Dylan puso la poesía, el género literario fundamental, la madre y la raíz de todos los géneros literarios, el menos visitado por los lectores, en los oídos de la multitud. Su tenaz recorrido, de más de medio siglo, hace muy difícil que a alguien no le suene alguna de sus canciones. Entre la Edad Media y el Renacimiento europeos algo hizo que el poema quedara confinado en el soporte de los libros, el cálido papel que tan bien acoge a los versos y solidariza con ellos para que los recorran los ojos de los intrusos, esa inmensa minoría. Pero los libros de poemas están en las librerías, en las bibliotecas, donde muy pocos acuden, aunque es perfectamente posible afirmar que la poesía siempre estuvo, por encima de cualquier libro, en la calle y a veces camina. Las palabras, words, words, words, decía en el castillo de Elsinor el príncipe Hamlet, que Dylan juntó y acompañó de música están en las arterias de cualquier ciudad, en los caminos de América y del mundo; llegan a domicilio a través de un disco, de la radio, de internet. Allí reside la densidad del galardón recién obtenido.

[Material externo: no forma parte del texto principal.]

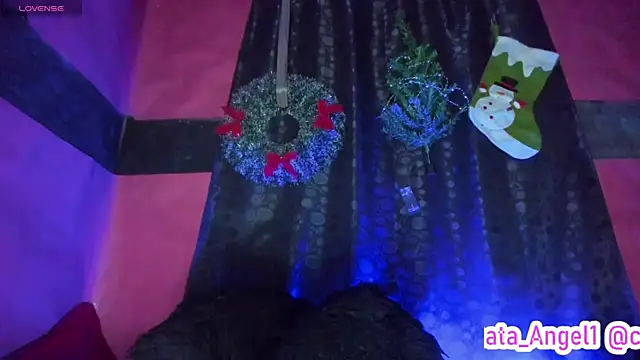 Cata-angel's cam snapshot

El legendario vate Walt Whitman no vio en su tiempo su torrencial poesía cantada por los juglares del país que luchaba por abolir la esclavitud, pero escribió en su inmortal poema Oh me, oh life:

De las ciudades llenas de necios… Y también: de las multitudes afanosas y sórdidas que me rodean…, dos versos, que sepamos, no han sido musicalizados.

Pienso que los dos Nobel chilenos, Gabriela Mistral y Pablo Neruda, se habrían sentido gratificados de tener entre ellos a una figura como Dylan. Desconozco los gustos musicales de la Mistral, ¿bailaría tango?, en cambio, existe una declaración de Neruda, recogida en un número de la revista cinematográfica Ecran, de los años sesenta, favorable a los Beatles.

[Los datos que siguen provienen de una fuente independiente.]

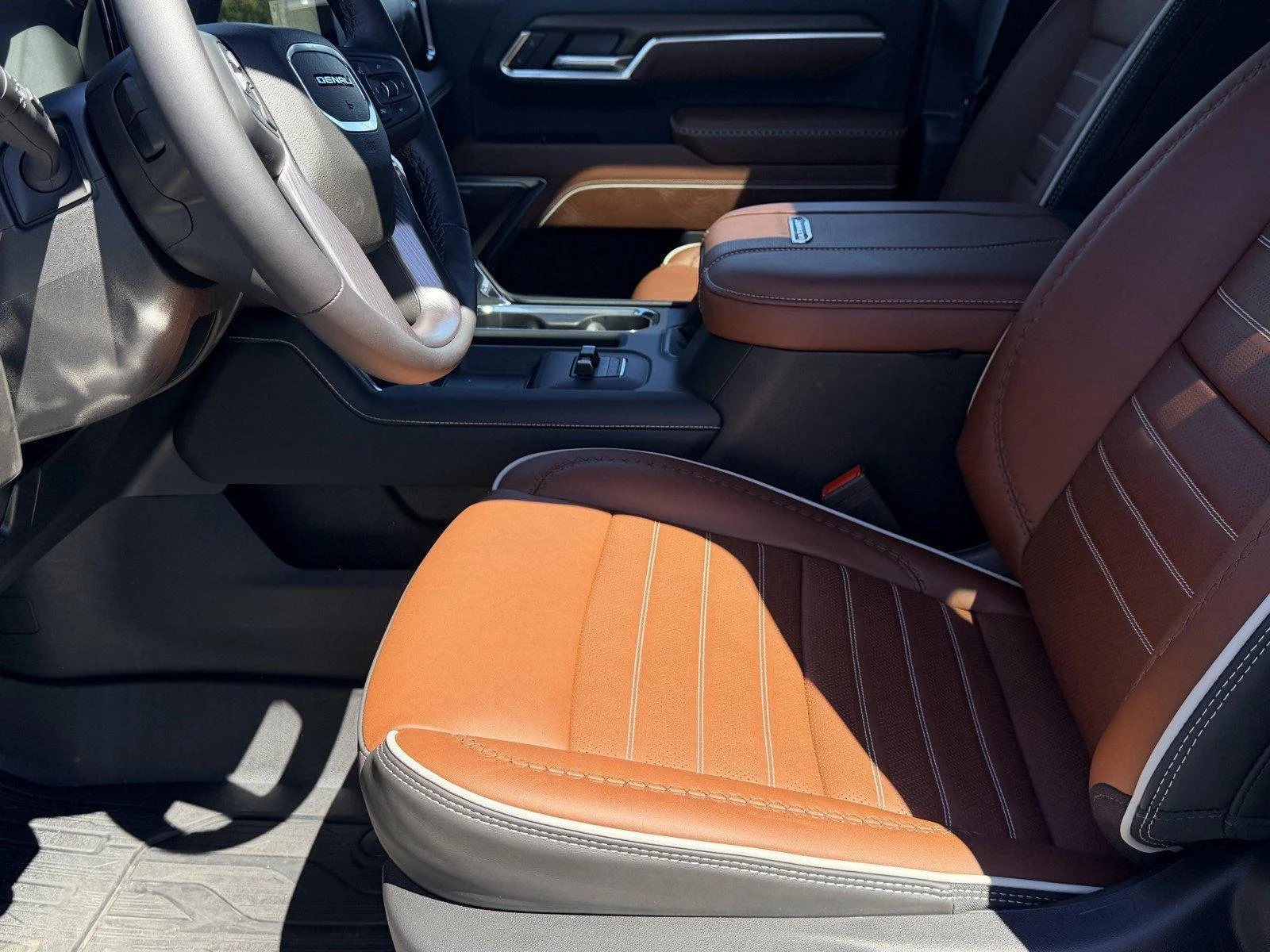 New 2026 Sterling Metallic GMC Denali Ultimate image 17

La generación de los músicos de los sesenta debe sentirse también premiada, John Lennon, The Beatles, Pink Floyd, U2, en los ochenta, Joan Báez, Janis Joplin, como ocurrió con los teatreros cuando lo obtuvo Darío Fo y no Arthur Miller; el premio alcanzaba a Antonin Artaud y a Jerzy Grotowski; también Harold Pinter, en 2005, con los dramaturgos del absurdo, si bien lo obtuvo también Samuel Beckett en 1969, y la generación española de 1927 con el poeta Vicente Aleixandre…

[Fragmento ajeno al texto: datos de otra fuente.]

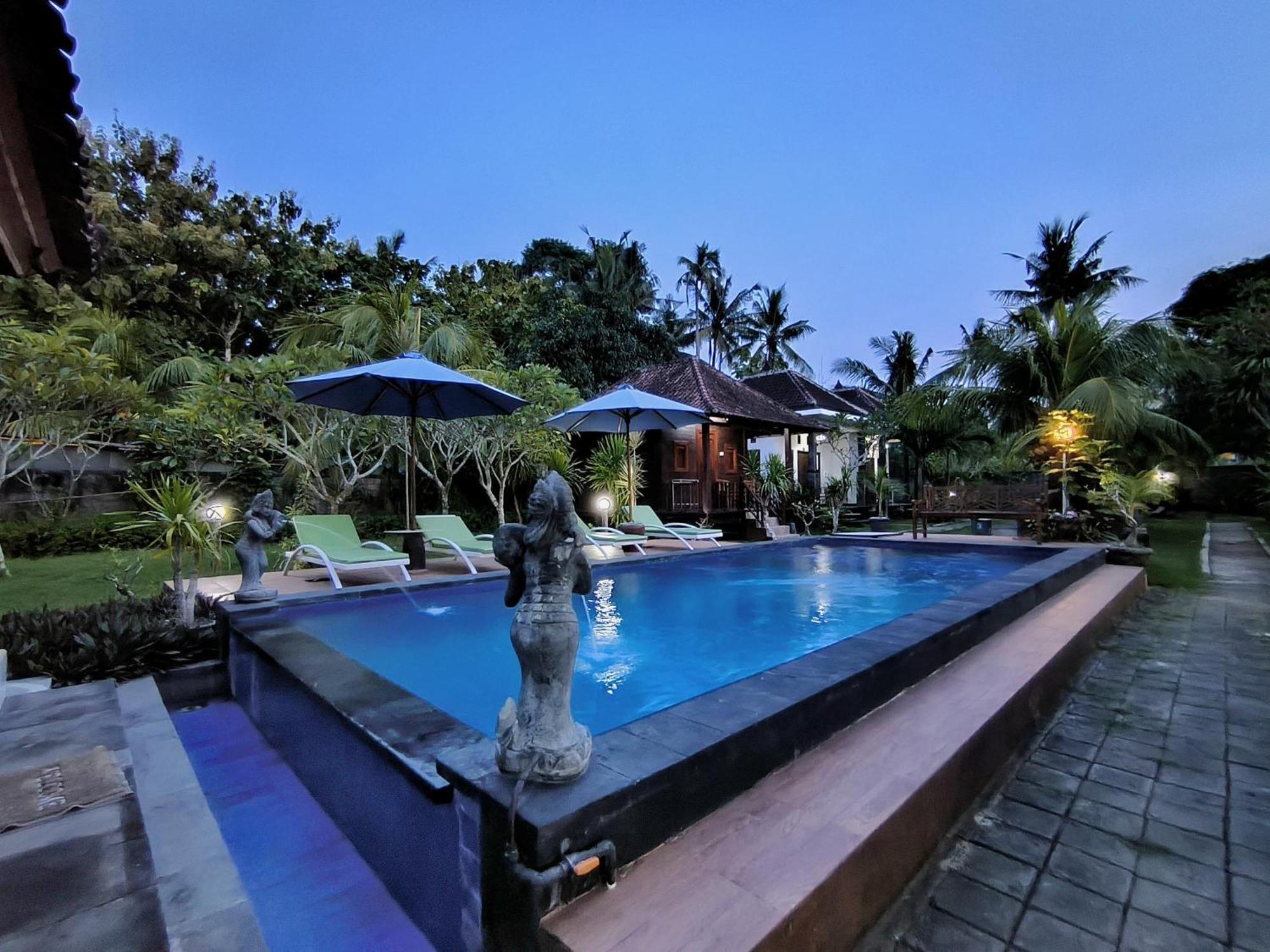 Puri Soka Lembongan By Abm Nusa Lembongan Exterior foto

El galardón sueco se abre ahora a otras dimensiones de la literatura, más vastas y democráticas que los libros, situación que jamás ha sido de la responsabilidad de los agentes del mundo del libro, sino el gran ausente de políticas gubernamentales que jamás lo han priorizado. Como intérprete sobre el escenario, las tres veces que lo he visto en Chile, más lo que se puede encontrar como comentarios críticos sobre su divismo, egocentrismo e indiferencia ante el público, da la impresión de ser efectivo todo aquello. Un hombre huidizo y lacónico, cuando no francamente mudo frente a los medios. Ha envejecido callado, mostrando solo el lado público, el del hombre que sigue hasta hoy siendo un creyente, un creador de belleza desde las letras de sus canciones, ajeno al elogio o a las pifias, un músico y un poeta on the road.

Dylan ha sido poeta en su tierra y profeta en el mundo.